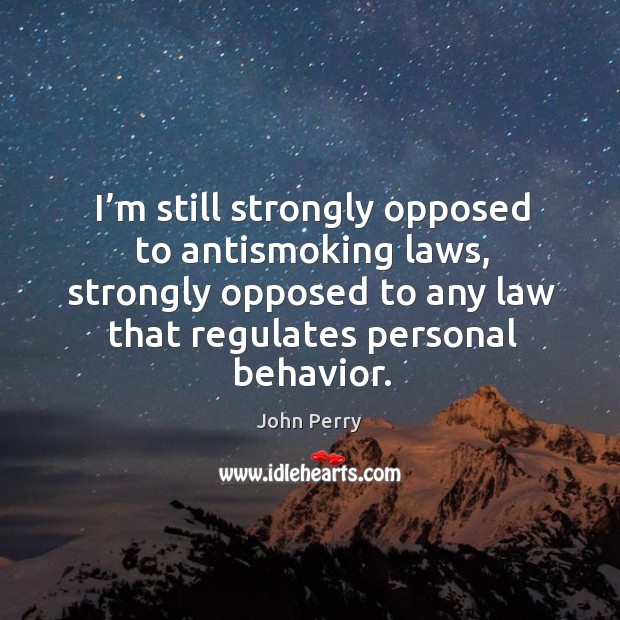 I’m still strongly opposed to antismoking laws, strongly opposed to any law that regulates personal behavior. John Perry Picture Quote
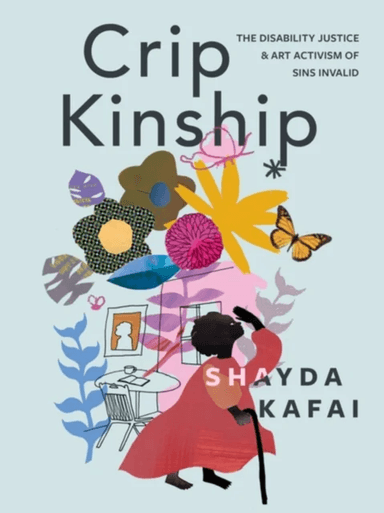 Crip Kinship av Shayda Kafai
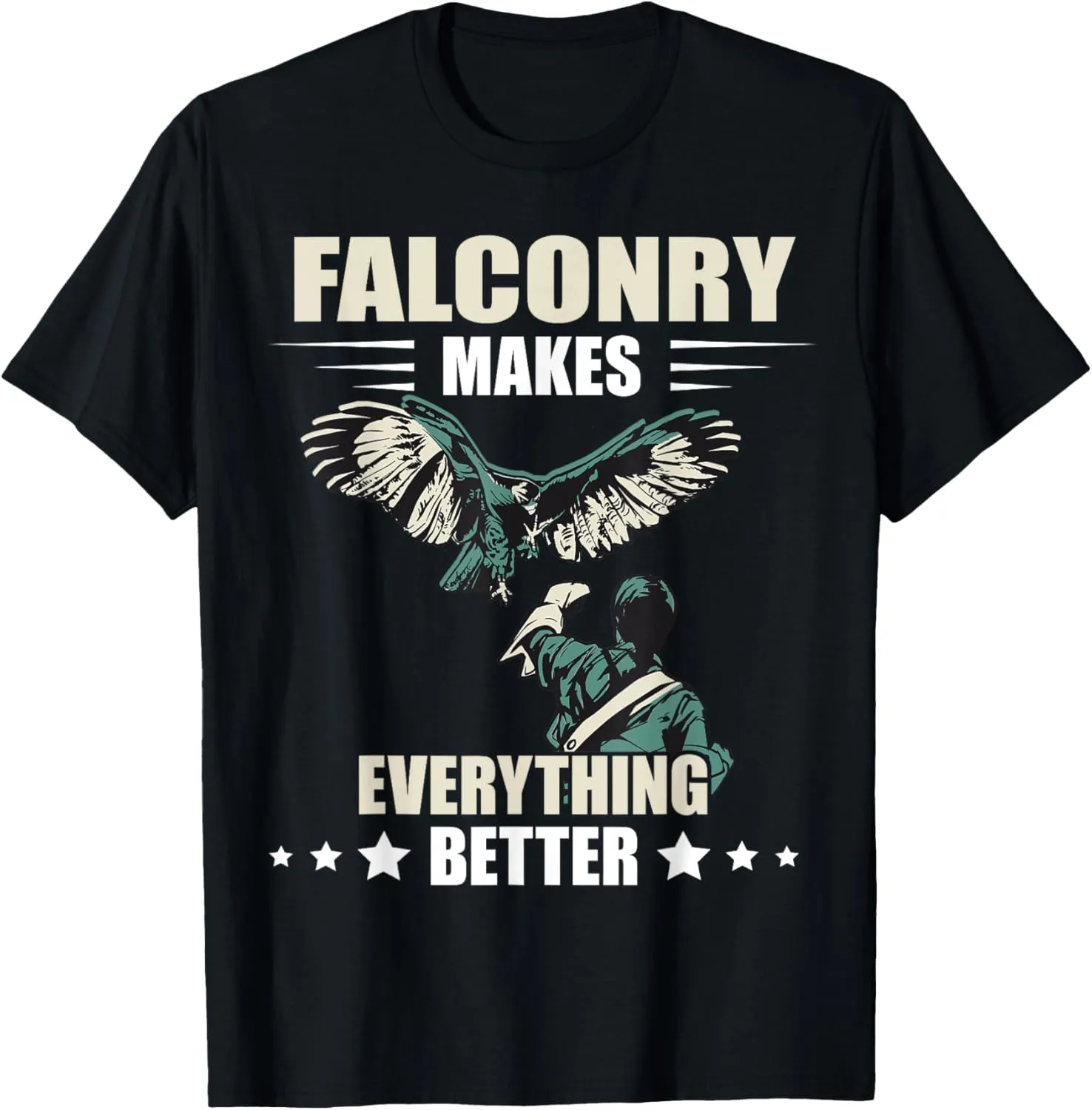 Falconry Makes Everything Better Falcon Trainer Falcon Bird T-Shirt
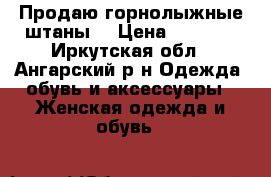 Продаю горнолыжные штаны. › Цена ­ 3 000 - Иркутская обл., Ангарский р-н Одежда, обувь и аксессуары » Женская одежда и обувь   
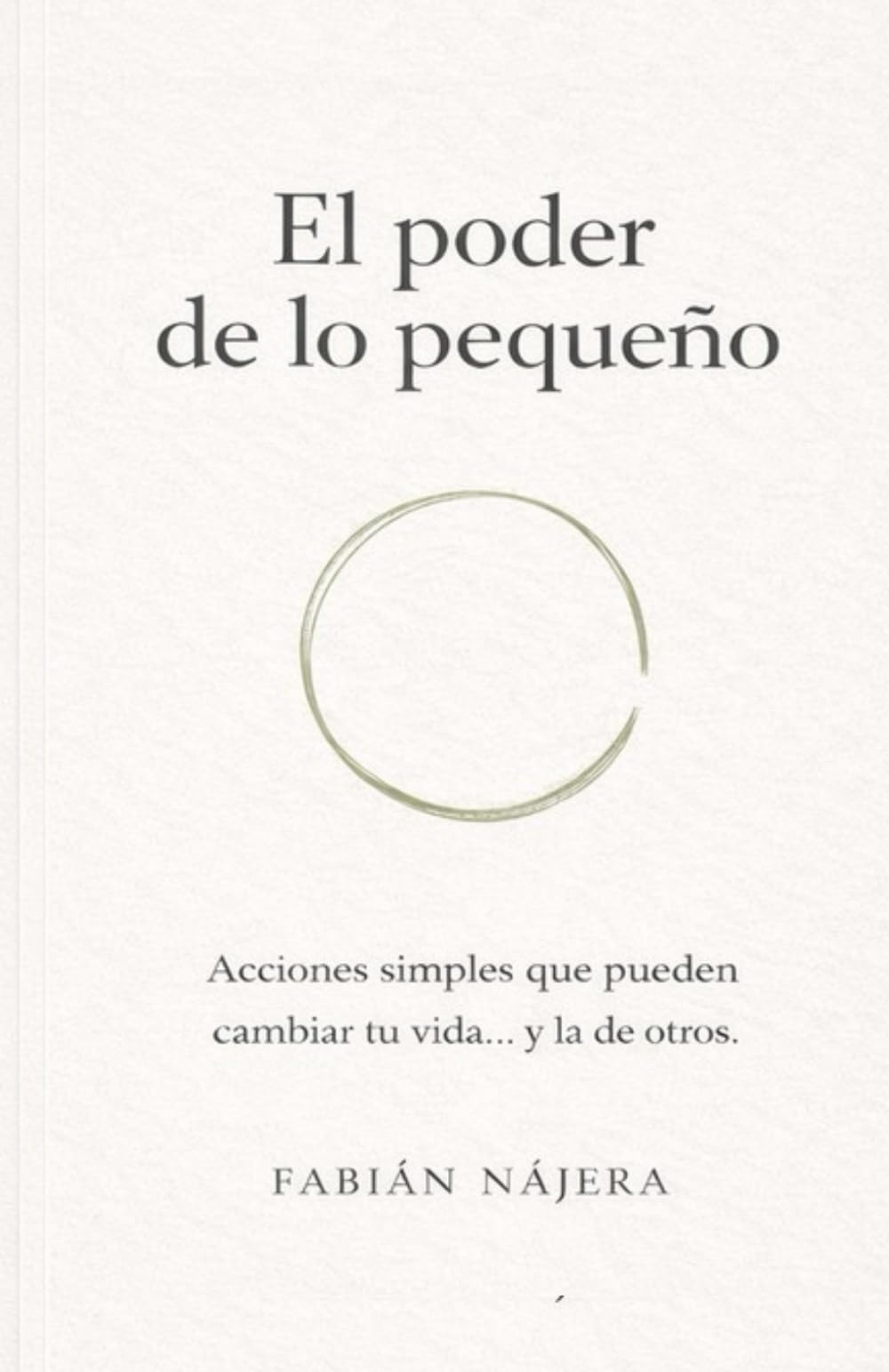 El Poder De Lo Pequeño: Acciones simples que pueden cambiar tu vida... y la de otros.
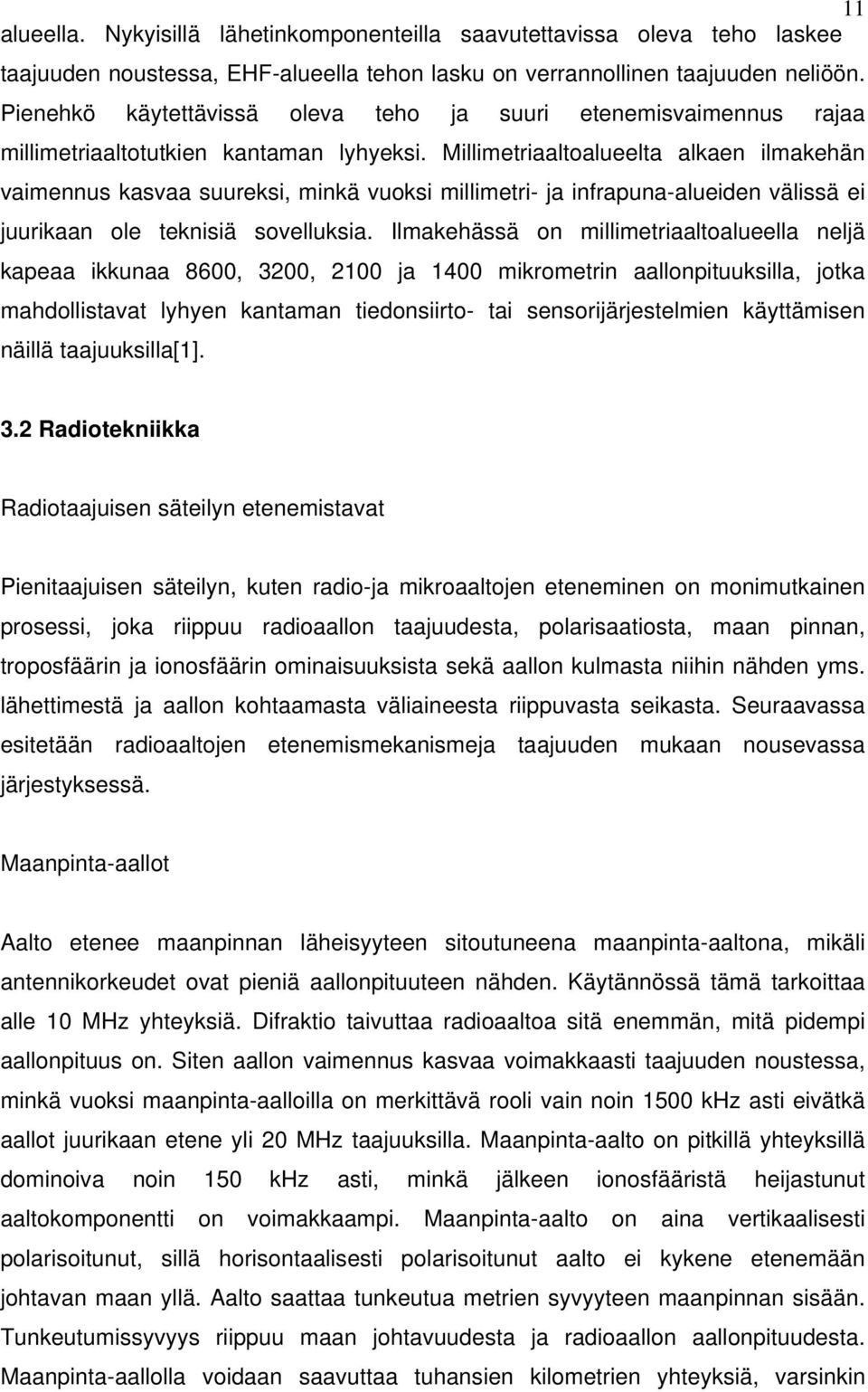 Millimetriaaltoalueelta alkaen ilmakehän vaimennus kasvaa suureksi, minkä vuoksi millimetri- ja infrapuna-alueiden välissä ei juurikaan ole teknisiä sovelluksia.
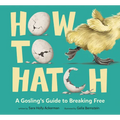 How to Hatch: A Gosling's Guide to Breaking Free
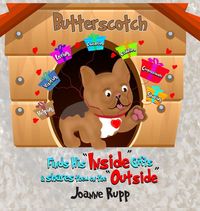 Produktbild: Butterscotch Finds His "Inside" Gifts & Shares Them on the "Outside"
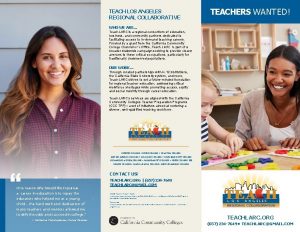 TEACH LOS ANGELES REGIONAL COLLABORATIVE TEACHERS WANTED WHO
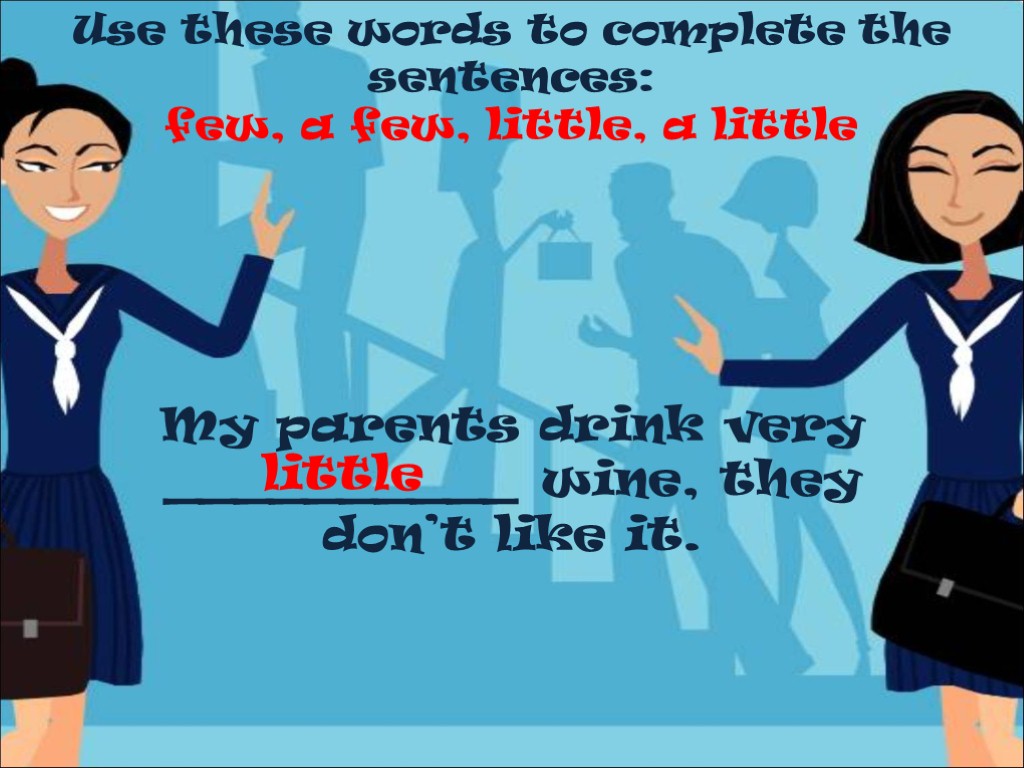 Use these words to complete the sentences: few, a few, little, a little My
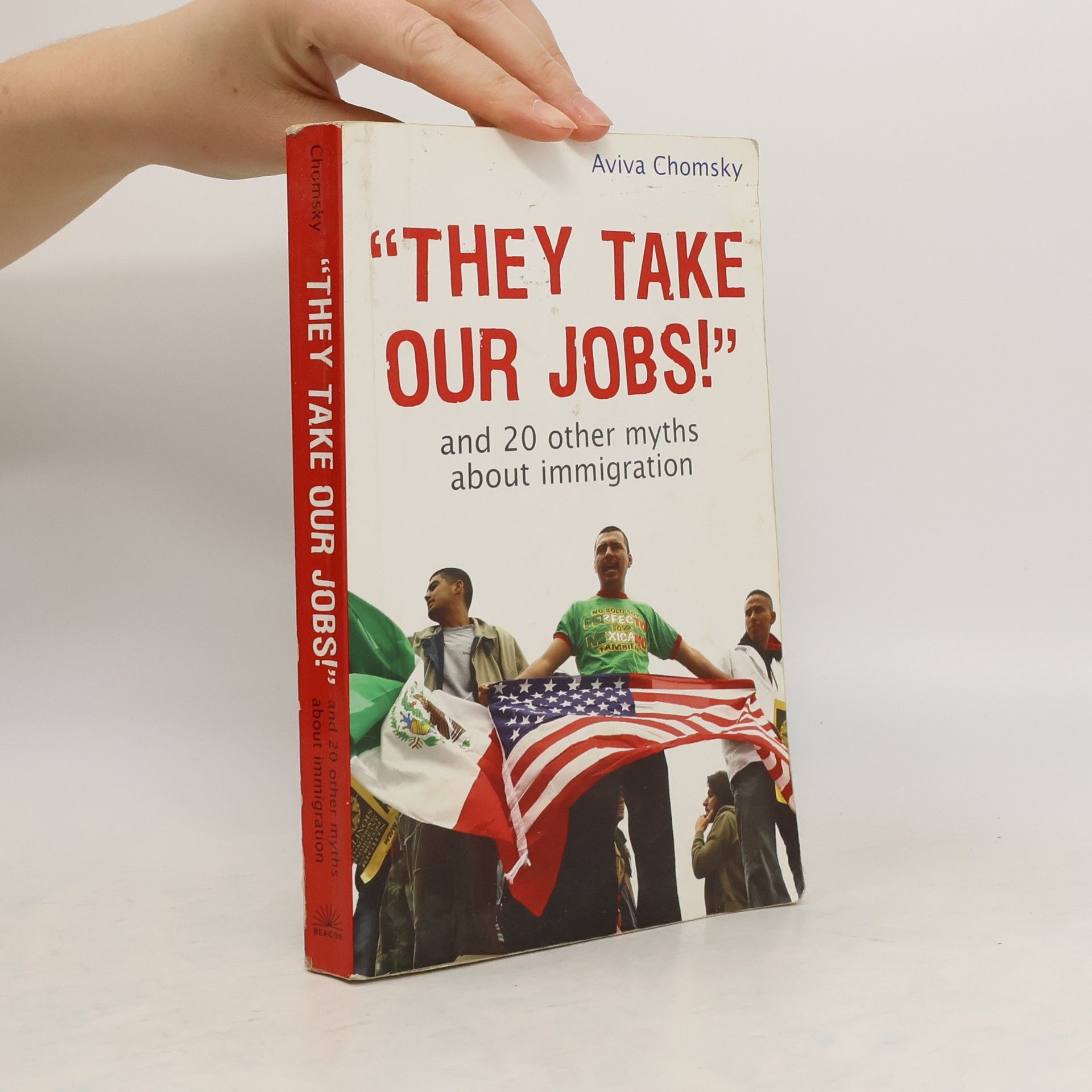 Aviva Chomsky "They Take our Jobs!" and 20 Other Myths about Immigration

◆ ◆ ◆ ◆ ◆ ◆ ◆

_Problem statement_: Your task is to repeat, word for word and with no picture, every line from the one that contains "Use these words" through the last line of the data.

_Task response_:
 Use these words to complete the sentences: few, a few, little, a little My
 Aviva Chomsky "They Take our Jobs!" and 20 Other Myths about Immigration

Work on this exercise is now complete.